Ci furono cento giorni che cambiarono la storia dell’Europa dell’800 e quindi del mondo, quelli trascorsi tra il ritorno di Napoleone Bonaparte dall’esilio dell’Isola dell’Elba e la restaurazione della dinastia borbonica con Re Luigi XVIII sul trono di Francia. Lo stesso periodo è trascorso dal momento della consegna delle vostre 60mila cartoline a Roma ad oggi. E non è cambiato niente.

Come tutti sanno, in quei sacchi con le foto artistiche di Pierpaolo Perretta e le firme di tanti comaschi che vogliono bene alla loro città c’era la richiesta di far ripartire e portare a termine i lavori sul lungolago. Sanare quella ferita ormai incancrenita tra la città e il suo specchio d’acqua decantato in tutto il mondo come uno dei più suggestivi. Cos’hanno in comune i due “cento giorni”? Una parola sola: “Waterloo”. E se almeno Napoleone, nel periodo precedente il suo primo esilio qualcosa di buono lo aveva combinato (una delle grandi opere che questa città è riuscita a portare a termine non a caso è la strada realizzata con lui regnante e che porta il suo nome), il Comune di Como e la Regione Lombardia negli otto anni che hanno preceduto questi cento giorni sono riusciti solo a produrre una compilation di disastri.

Che a palazzo Cernezzi a Como e palazzo Lombardia a Milano non si aggirassero condottieri e statisti lo sapevamo. Anche se i comaschi, a un certo punto sono stati costretti a credere ai loro proclami roboanti sui fausti destini dell’infausto cantiere. Campagne, quelle intraprese da Mario Lucini e Roberto Maroni non dissimili come esito da quella di Bonaparte in Russia.

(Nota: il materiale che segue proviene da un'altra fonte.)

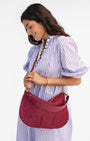 Clare V Moyen Messenger at Romi Boutique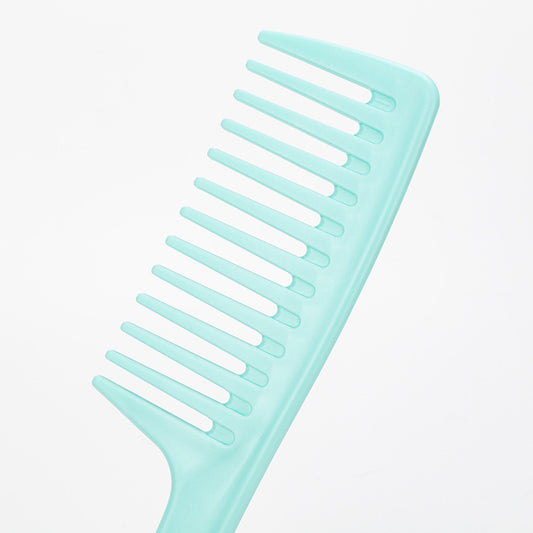 Women's Only Long Household Five Colors Optional Hair Brushes & Combs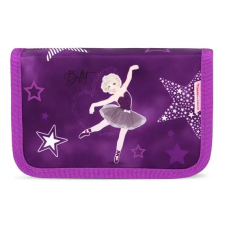 BELMIL Tolltartó, klapnis, cipzáras, BELMIL "Prima Star", balerina tolltartó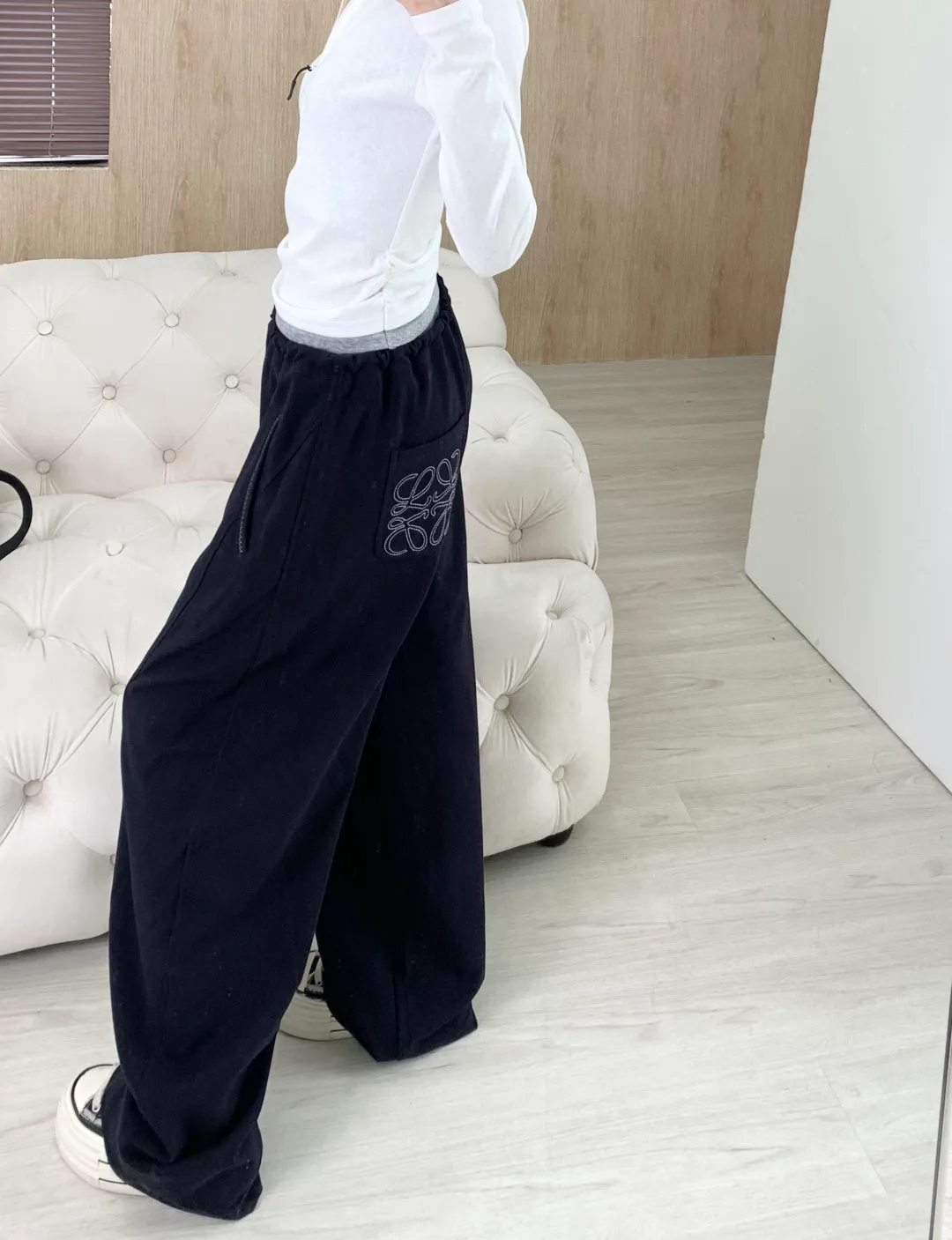 Брюки Женские Loewe 18199269
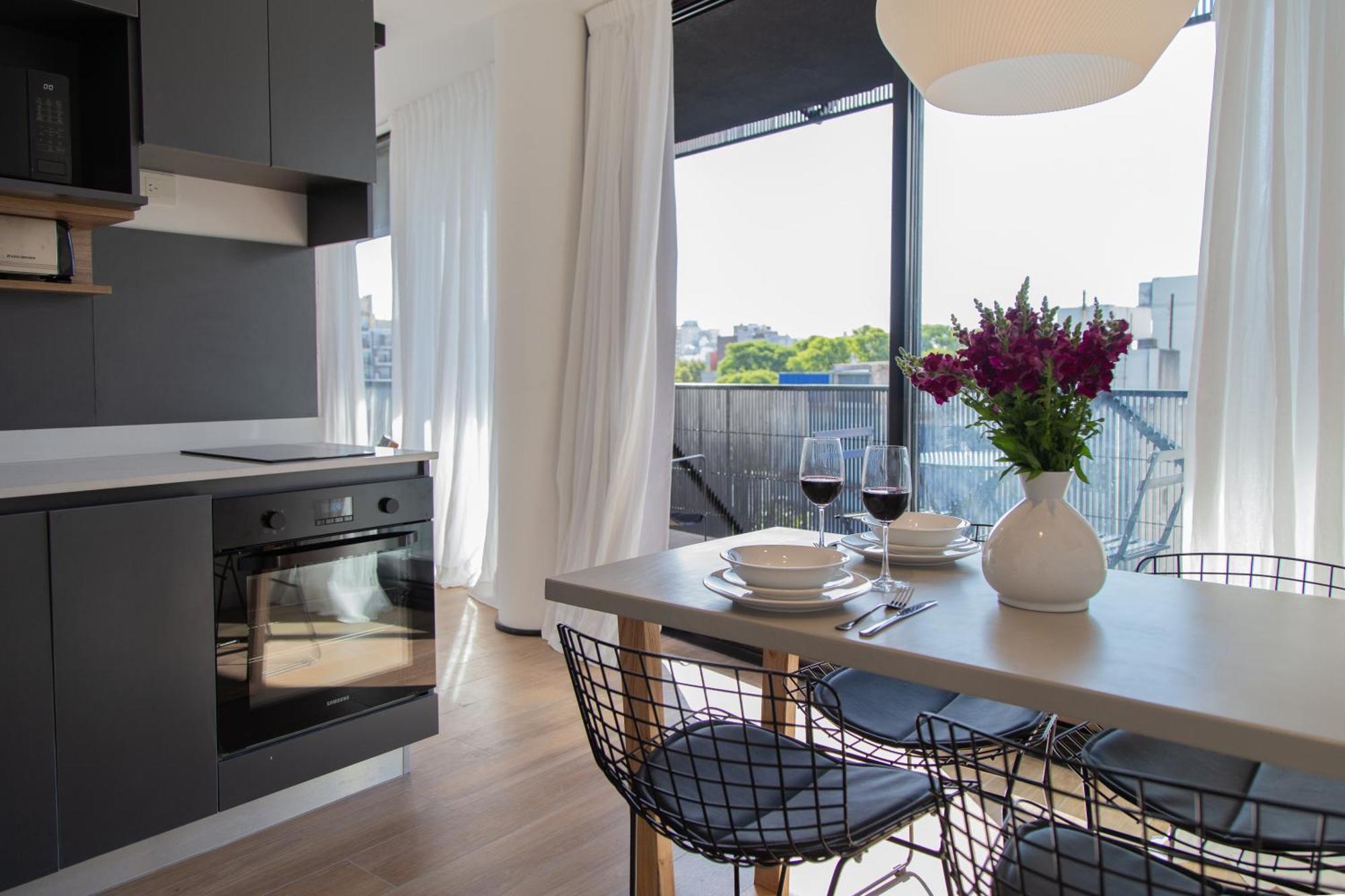 Pinea Beautiful Apartment Buenos Aires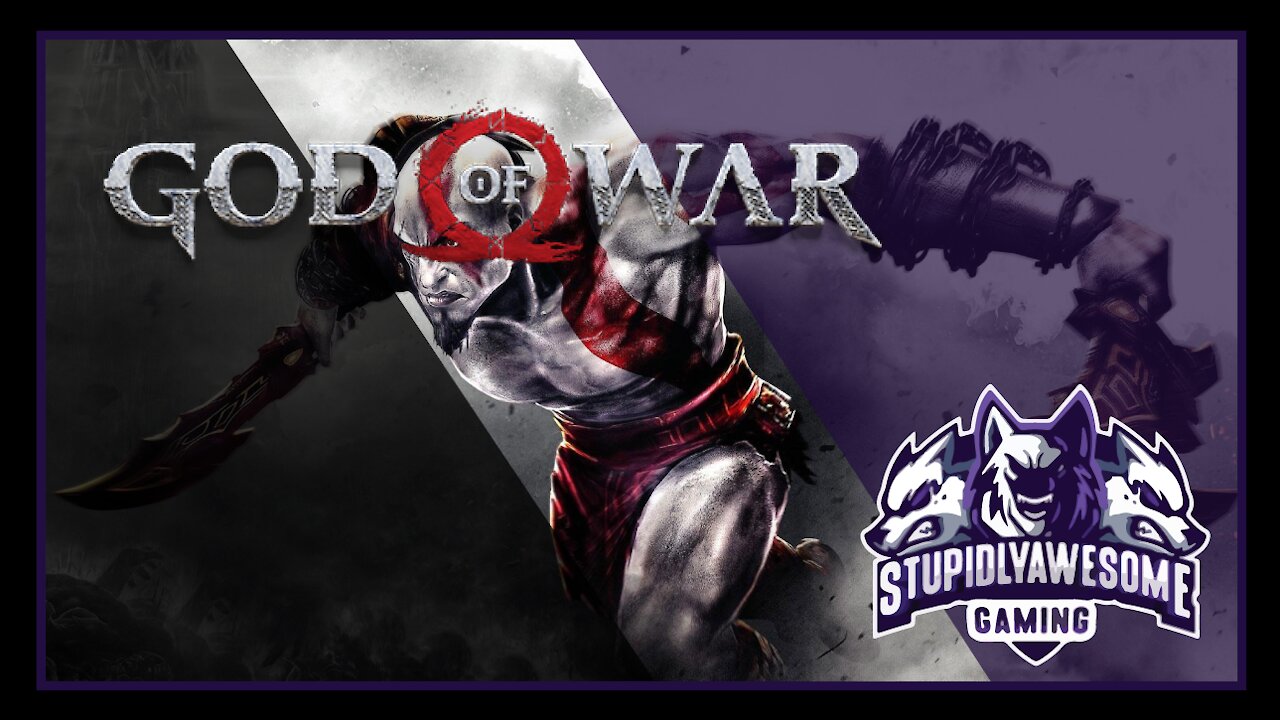 God of WarGhost of Sparta ep.8 Fighting through Purgatory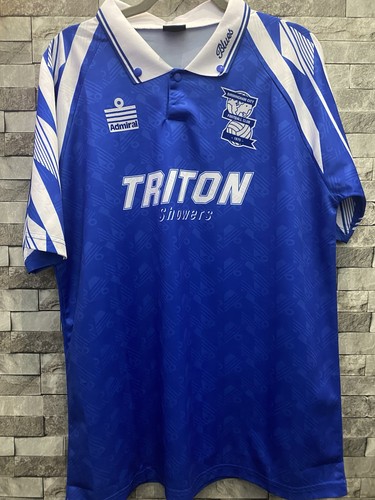 Birmingham city home - city, 93/94
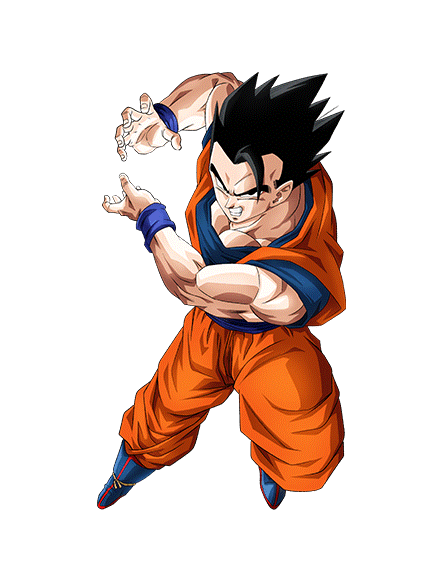 Ultimate Gohan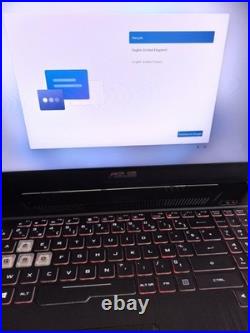 Asus Tuf705dt Gaming Ryzen-7 Gtx 1650 16gb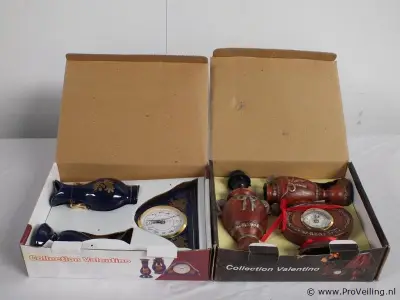 2x decoratie (inhoud doos 3 stuks) – kavel bij ProVeiling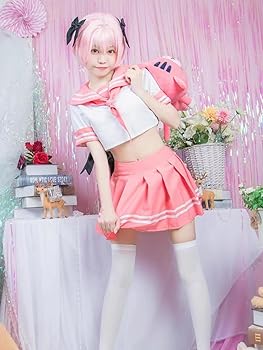 空　急ぎ❗️セラフ　制服　コスプレウィッグオーダーRSVページ 2025年最新】セラフダズルガーデン コスプレの人気アイテム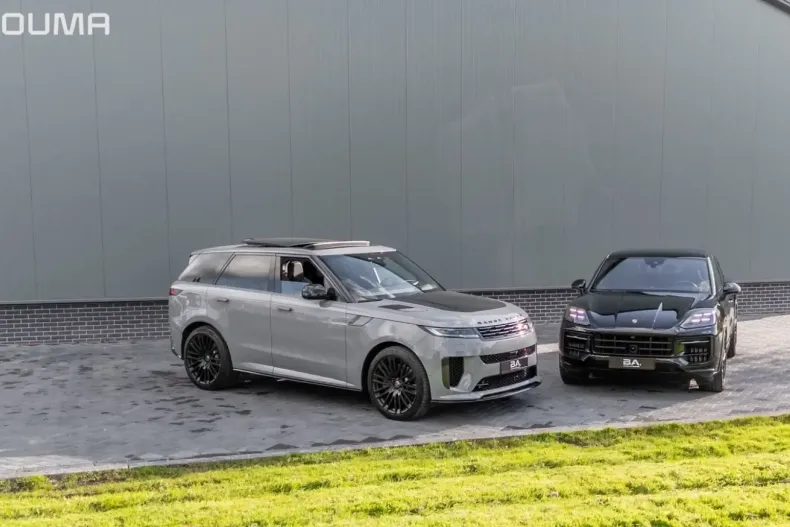 Porsche Cayenne din 2025 cu 19.000 km - oferta POR153169 - foto 12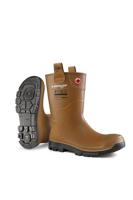 Dunlop LJ2HR48FL Rigpro Gevoerd S5 | Bruin | Maat 48 - 8713197053439 - thumbnail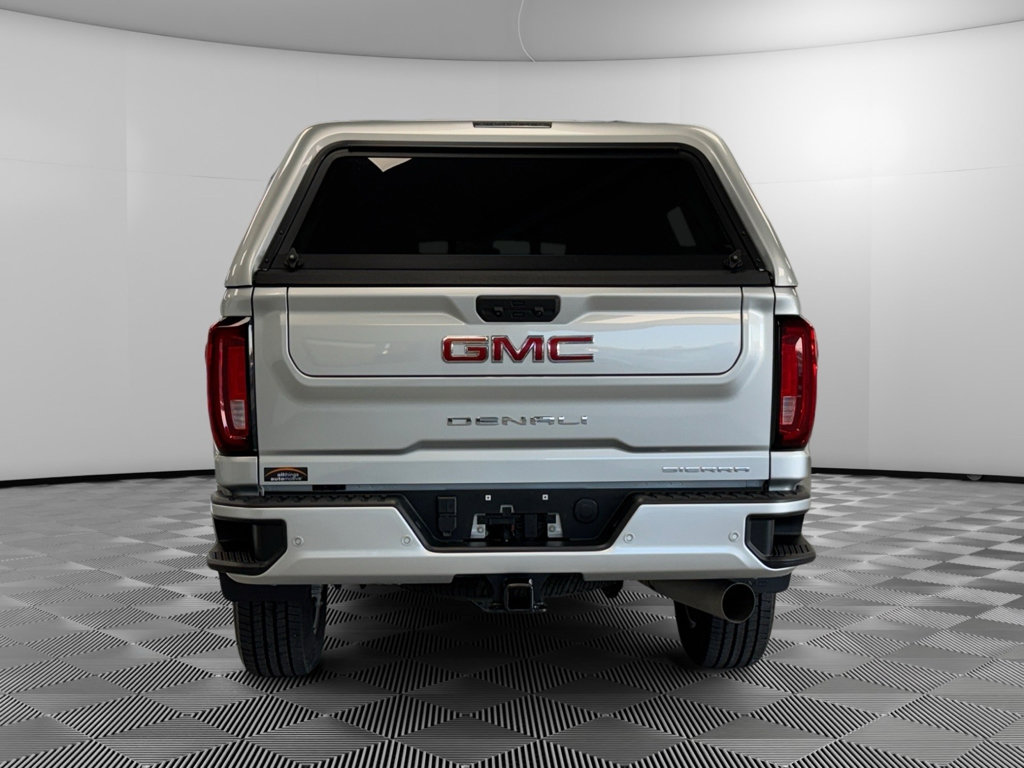 Used 2021 GMC Sierra 3500 Denali w/ Denali Ultimate Package image 7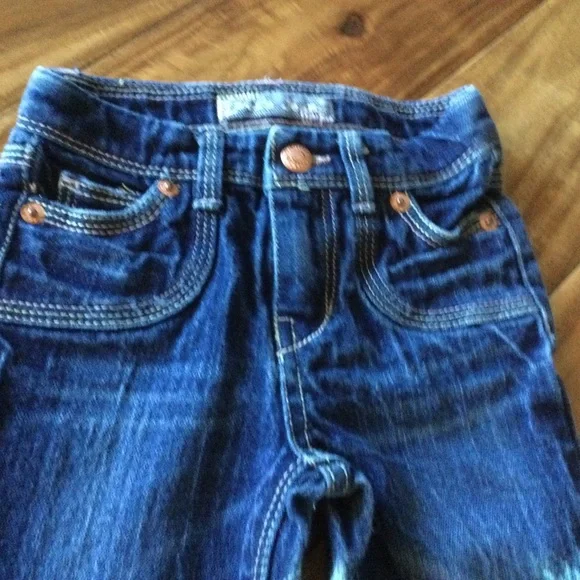 ✔️Levi’s Jeans Girls Size 5 Slim - Picture 2 of 7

Certo non vi è stato il Tolstoj dell’inarrivabile Guerra e Pace a narrare le loro gesta (?), sarebbe stato sprecato. Ma solo un piccolo quotidiano locale che, a un certo punto, è riuscito a tirarsi dietro una città che, nonostante tutto, si è dimostrata molto migliore di chi l’amministra a tutti i livelli. Salmerie che l’Armata Brancaleone comunal regionale non è riuscita a utilizzare. Neppure il coro che pure ha trovato l’amplificatore dei mass media nazionali e internazionali incredubili di fronte allo scempio perpetuato di tanta bellezza, è riuscito scrostare l’’inerzia delle truppe cammellate della politica. Persino il governo, alla cui porta La Provincia è arrivata a bussare con le cartoline deposte nella cassetta di Matteo Renzi, che aveva detto agli ineffabili amministratori comaschi e milanesi di fare quei pochi passi indispensabili per consentire a Roma di intervenire, ha potuto qualcosa. Con buona pace della proverbiale efficienza del Nord, di fronte alle indolenze romane. E non che Como e Milano fossero chiamati a smuovere montagne o a sconfiggere eserciti prussiani, asbrugici, britannici e russi. Era solo una questione di nomine, di timbri di firme, di delibere.

I nuovi proclami usciti dal ventre di palazzo Lombardia contro il Comune fanno perciò l’effetto del bue che dà del cornuto all’asino. Se la Regione può fare ciò che minaccia, perché non si è mossa prima? Quanti piatti hanno dovuto assaggiare prima di capire che era minestra? Ecco perché La Provincia ha deciso di muoversi ancora, di approfittare di nuovo della pazienza dei comaschi. Per mandare a Sant’Elena i politici responsabili dello sfascio sul lungolago, c’è ancora tempo. E ci penseranno gli elettori. Ma forse la Waterloo definitiva della città si può ancora evitare. La Provincia si batterà per Como, assieme a voi, cari lettori, fino all’ultima goccia di inchiostro.